The Missouri edition was an odd duck indeed. It didn't list St Louis or Kansas City stations (not even KPLR or KSHB), but it carried Tulsa stations and even had this weird appendage that snaked down into Oklahoma between Fort Smith and Tulsa, evidently to provide listings for both cities to that area that got these markets' stations. There were three channel 6s in it and they had to resort to that disturbing bullet scheme of a white channel number on a black bar with horizontal stripes on either side for KEMV Mountain View AR. The circulation area was several hundred miles from its furthest northern to southern tips, and it was very sprawling and messy.

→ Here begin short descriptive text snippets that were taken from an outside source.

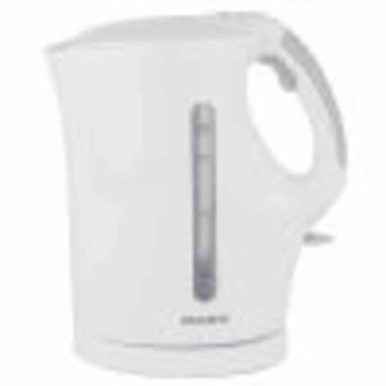 L Plastic Kettle with Soft Grip Handle, White Progress Cookshop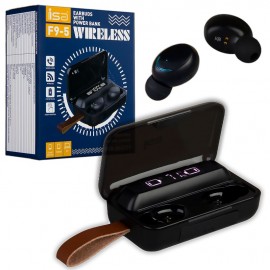 Наушники Bluetooth ISA F9-5, вакуумные, TWS, дисплей, черные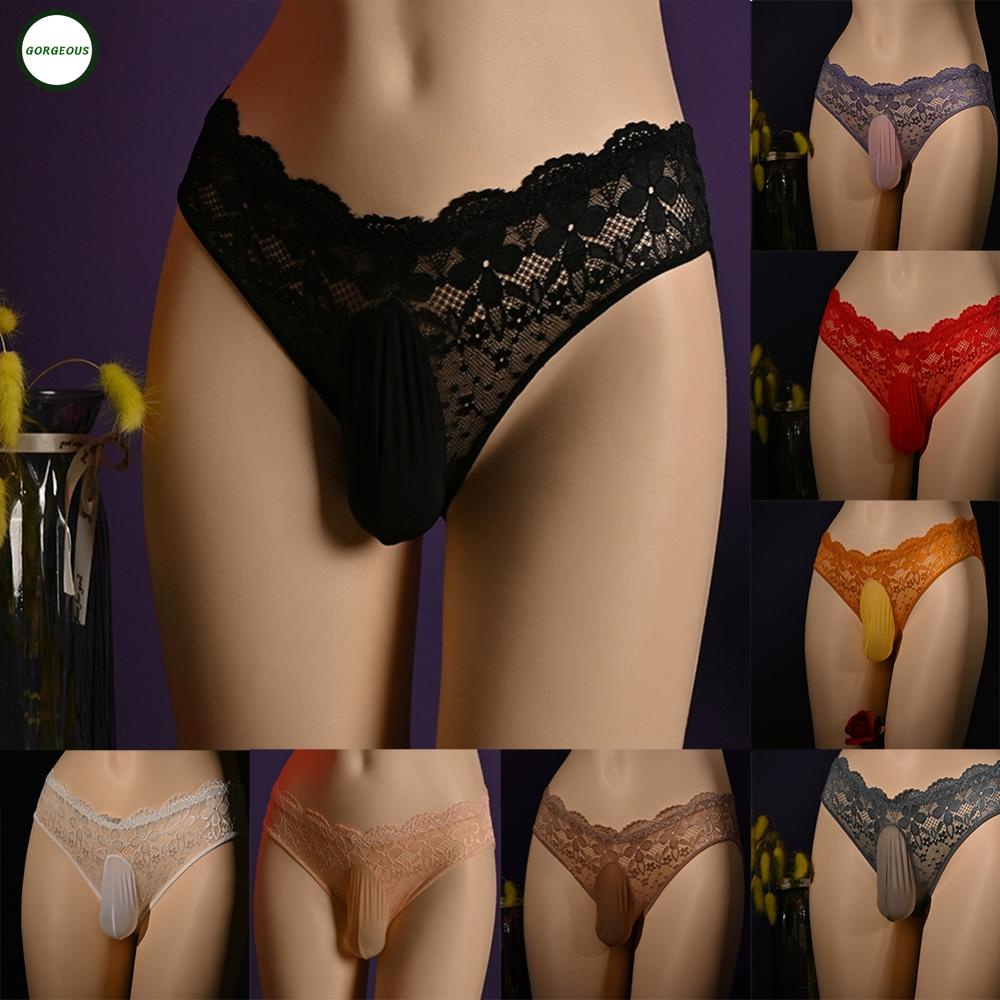 New Coming~Mens Underwear See Through Ball Pouch Briefs Crotchless Slight Stretch#Home Essentialses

Sadly, I no longer have the map, but there was one area in the mid-1970s, IIRC in the western Dakotas and possibly spilling over into Nebraska and/or Wyoming, that didn't have a TVG edition. It was just cross-hatched with the words "No TV Guide Edition" or something like that. I could be having a false memory, but I want to say that anyone who lived in that area, and wanted to subscribe, got the New York Metropolitan edition, which makes zero sense. Just guessing, I have to think they created (or at least expanded) the Northern Colorado edition, with listings for Rapid City, western Nebraska stations, and so on, as well as Denver, to provide this area with its own edition.
Fun fact, the Evansville stations were listed in the Kentucky edition in the early 1960s. Don't know if Evansville had its own edition at that time or not. Evansville-Paducah had always been a two-market edition with no out-of-market stations, as you well point out, Terre Haute would have made sense.